- Exercise -
Please restate every record below word for word and skip the pictures.

Data under study: Begin

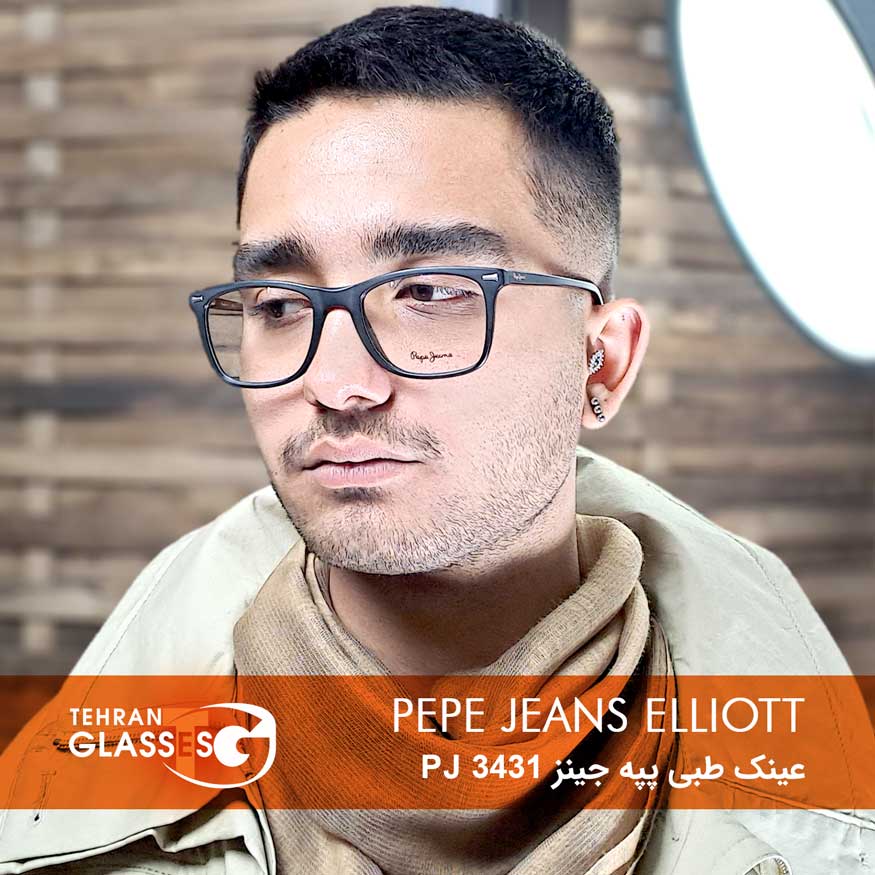 عینک طبی پپه جینز PJ 3431 Elliott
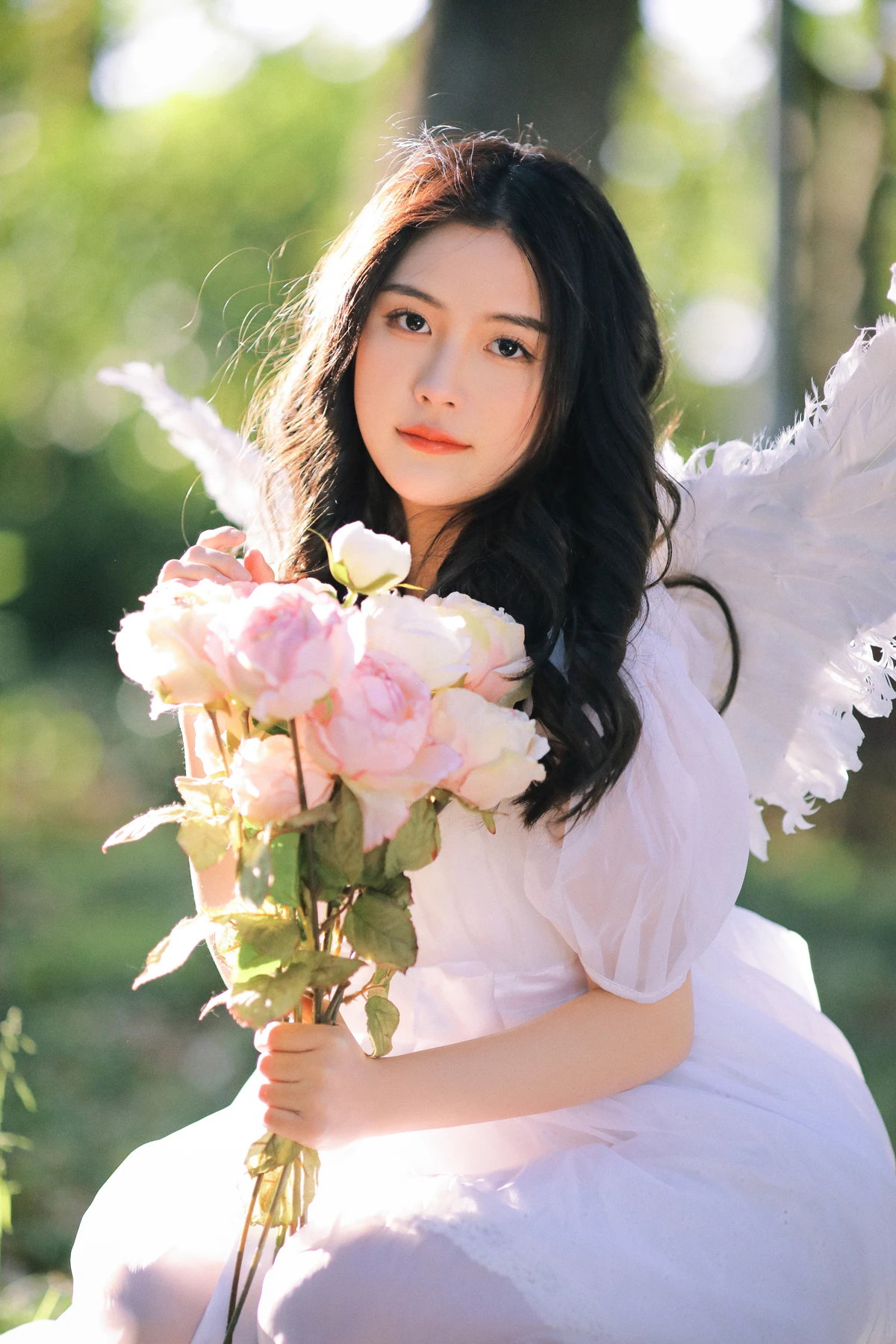 [YITUYU] 2022.12.16 Vol.2695 – Angel Comes Miss Zaizai#[21P]-5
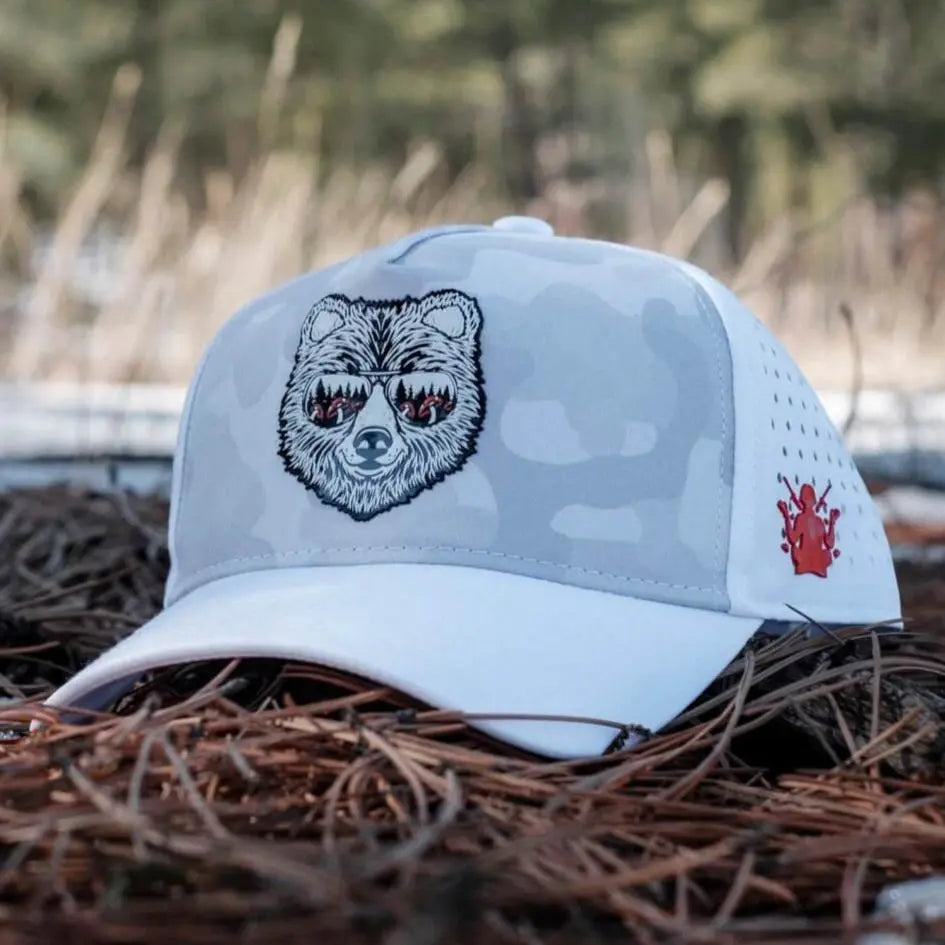 Grizzly & Chill Hat Mental Joe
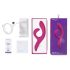 We-Vibe Nova 2 - Purple Clitoral Vibrator with Flexible Arm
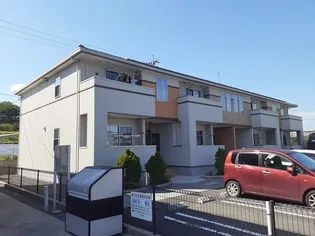 ラッフィナート・ピアッツァⅠ【1階】の外観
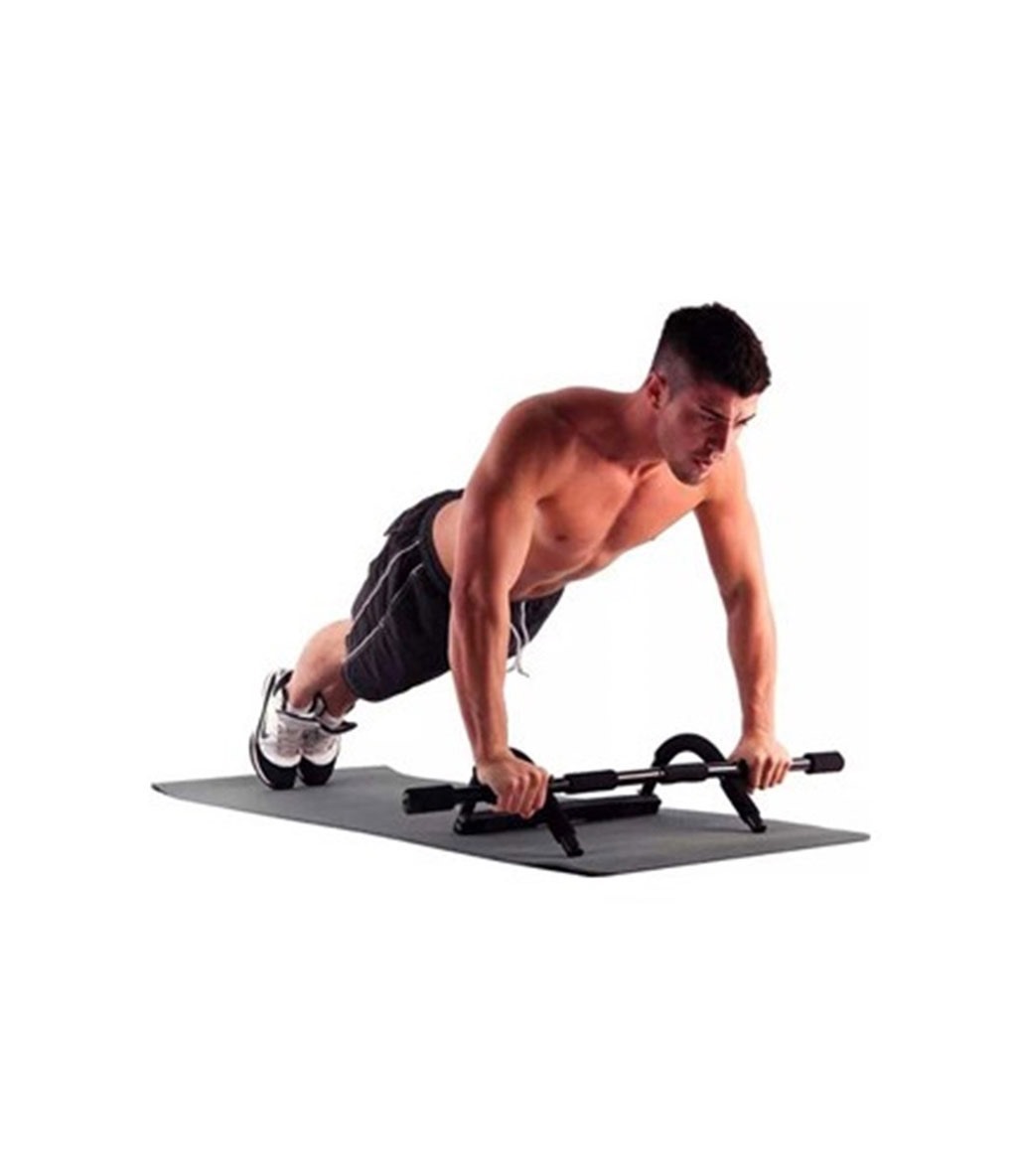 Everlast Door Gym Multifonksiyonel Kapı Barı Siyah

Data under study: End

- Answer space -
 عینک طبی پپه جینز PJ 3431 Elliott
 [YITUYU] 2022.12.16 Vol.2695 – Angel Comes Miss Zaizai#[21P]-5
 Grizzly & Chill Hat Mental Joe
 We-Vibe Nova 2 - Purple Clitoral Vibrator with Flexible Arm
 ラッフィナート・ピアッツァⅠ【1階】の外観
 Everlast Door Gym Multifonksiyonel Kapı Barı Siyah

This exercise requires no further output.